As if to rub salt into a wound, the game forces upon the player a ridiculous life bar--as you meander around the island (which you'll do often) the bar decreases and must be refilled by the cookies and water that are provided you anew each morning. It never plays a serious role in the game and serves just as an annoyance to deal with at various times, especially since it drops quickly when you climb up and down the cliffs. Still, it’s not as though dying is ever a concern because you’re provided far too much sustenance—so it’s just an exercise in patience to keep the life bar from getting too low.
The game even bungles its true chance to shine: the lengthy nightmare sequences. At points these sequences are atmospheric and incredibly creepy, reminding of the best moments of Sanitarium or I Have No Mouth.... Those moments are consistently broken up, however, by horrible action-ish puzzles that seem like cast-offs from In Memoriam and more aggravating backtrack scavenger hunts. These unique puzzles involve such lunacies as guiding a ball (with the arrow keys) through a maze of targets while avoiding the evil orbs that are bouncing around the playing field. If you fail, you’re free to simply try again as many times as you wish. Somehow this puzzle is supposed to represent the player-character keeping his heartrate down; if I could explain the correlation, I certainly would.

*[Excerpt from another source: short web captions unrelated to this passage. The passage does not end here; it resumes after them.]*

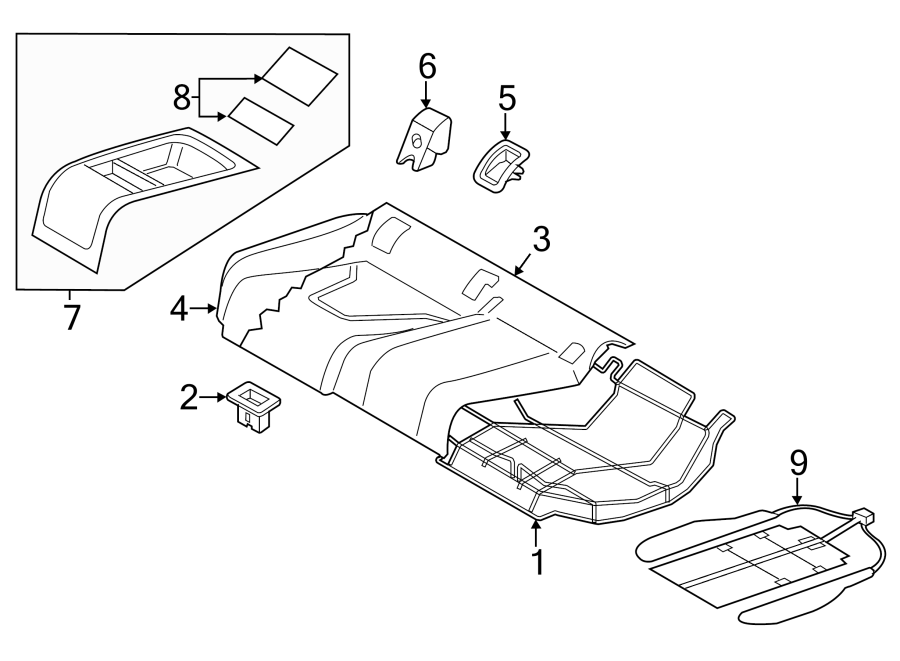 SEATS & TRACKS. REAR SEAT COMPONENTS.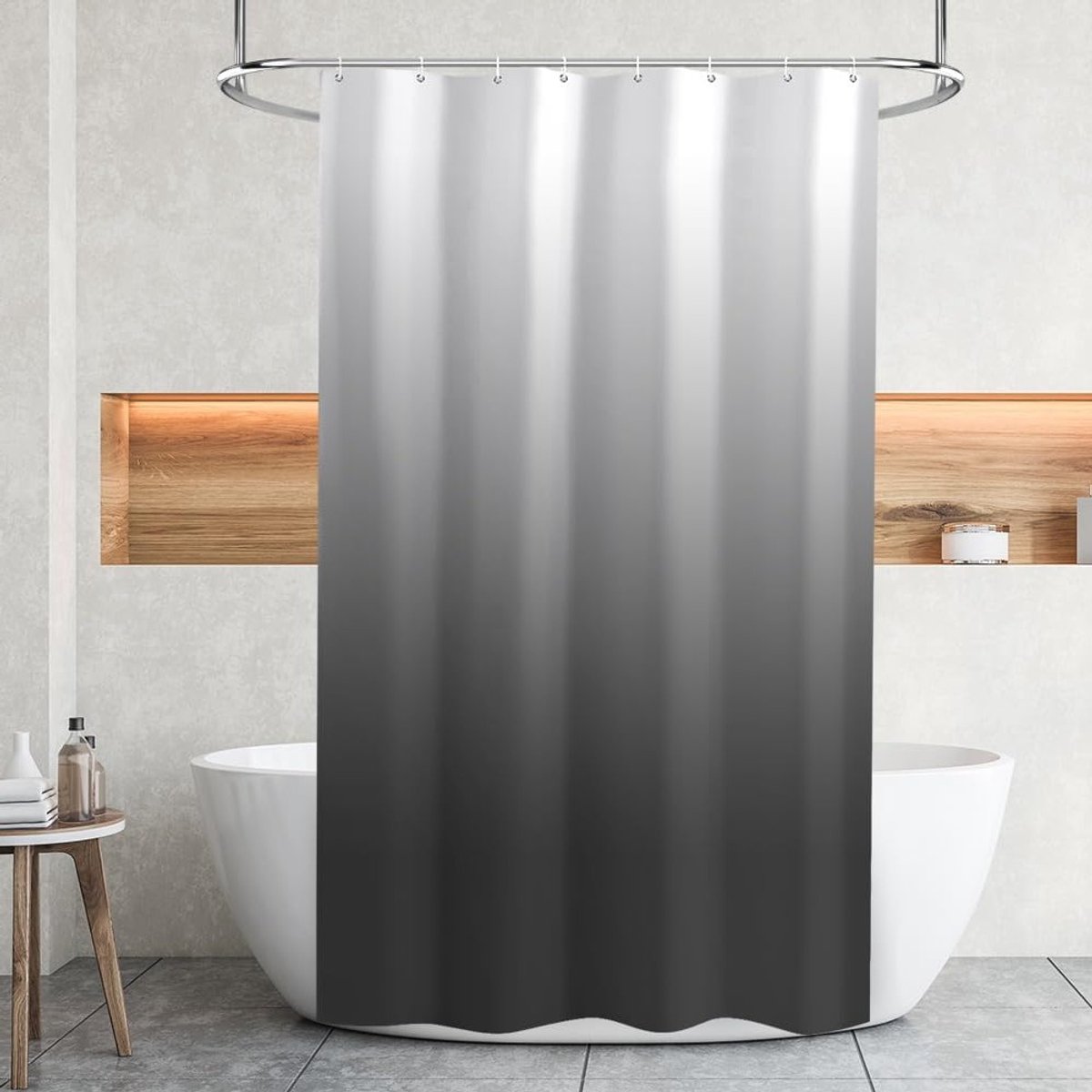 Waterdichte Douchgordijn van Polyester, Schimmelbestendig en Inclusief 12 Haakjes, Ideaal voor Badkamer en Douchecabine, 180x200cm, Ruitpatroon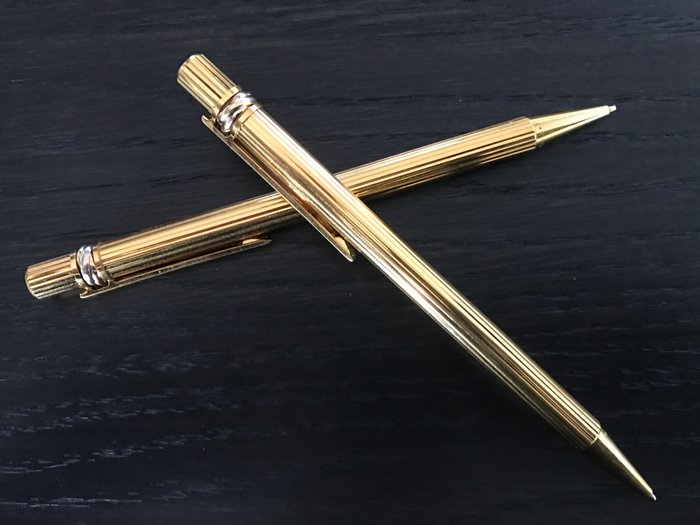 must de cartier gold plated ballpoint pen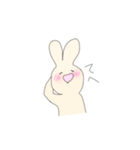 かわいいうさぎ(シンプル)（個別スタンプ：18）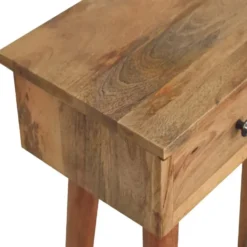 Artisan Furniture Solid hout Eikenlook Sidetable Tafel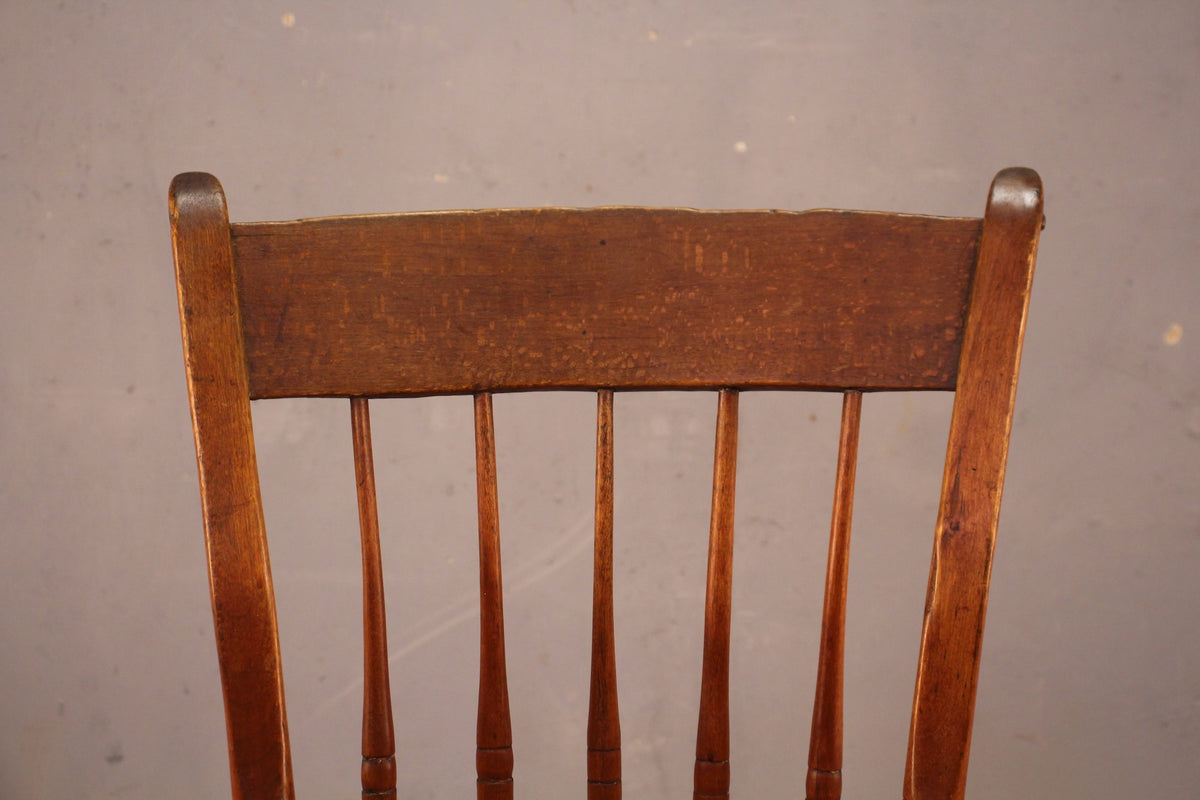 Antique Spindle-Back Side Chair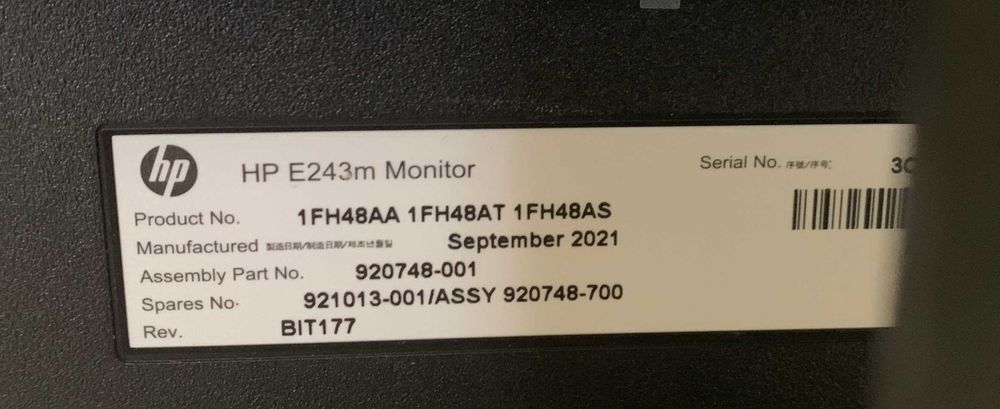 Монітор HP EliteDisplay E243m (безрамковий), гурт роздріб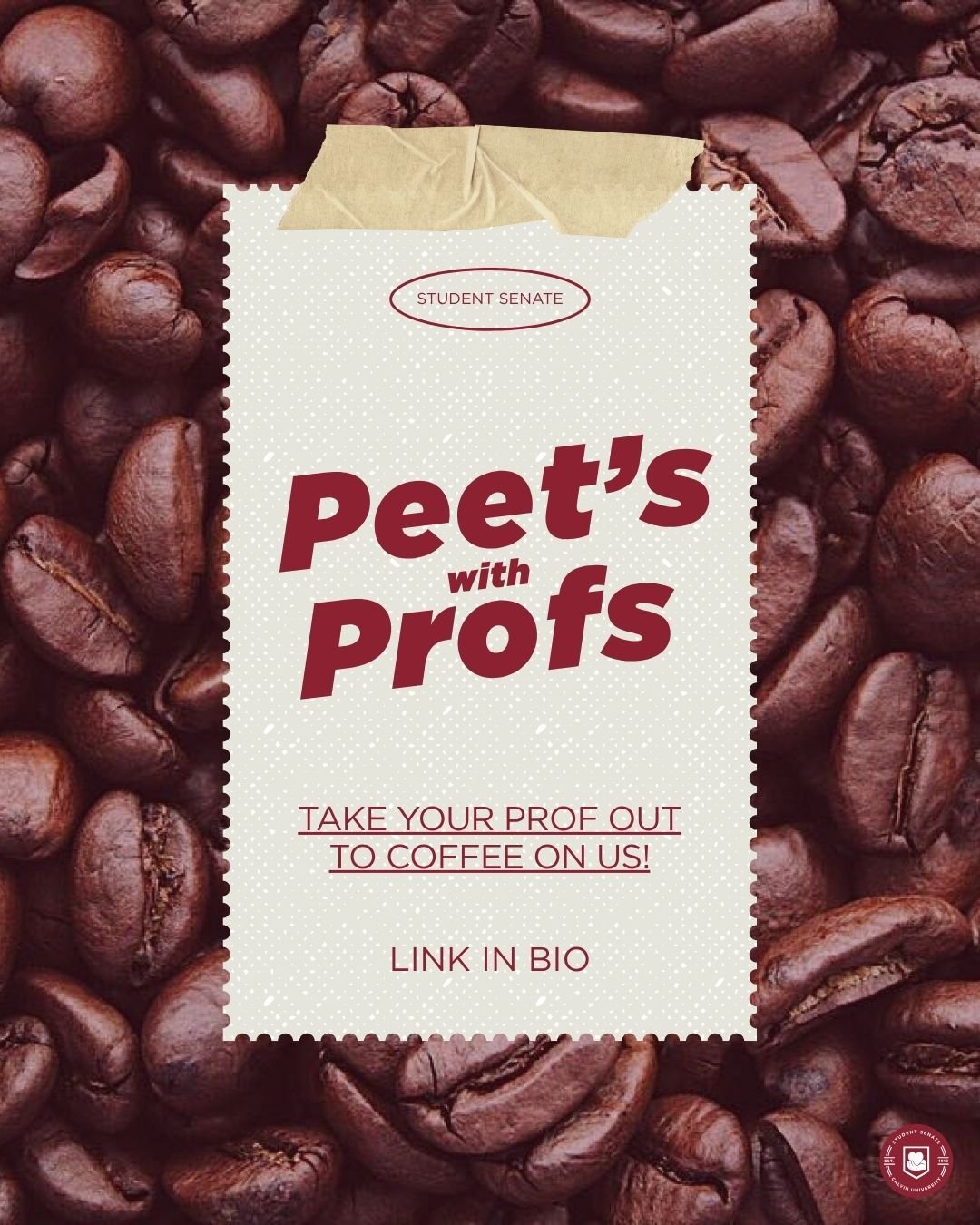 Sign up for Peet's with Profs through the link in our bio! 

We love being able to provide resources and opportunities for the Calvin community.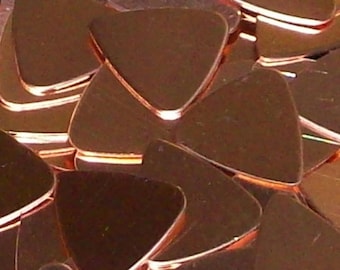 Copper Guitar Pick Stamping Blanks - 1" x 1 1/8" or 3/4" x 7/8"  Qty 5 - various gauges available (14, 16, 18 and 20 gauge), USA Made!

The end effect of all this plodding about is a large amount of apathy about our completely unlikeable main character or what exactly he has stumbled into. Next Life is fairly lengthy, probably 15+ hours of playtime, but it's not quality time because of the abundance of backtracking and slow animations. The admittedly interesting story loses momentum so quickly that the events of the final couple of days completely fail to resonate, an unfortunate but inevitable result of a game that displays a frustrating inability to keep moving at any sort of comfortable pace. It's such a compelling concept, ripe for so many interesting ideas and theories, that the total absence of execution is that much more disappointing.
The great narrative potential is undermined by the dreadful pace, which will probably cause apathy to take hold long before the conclusion of the story.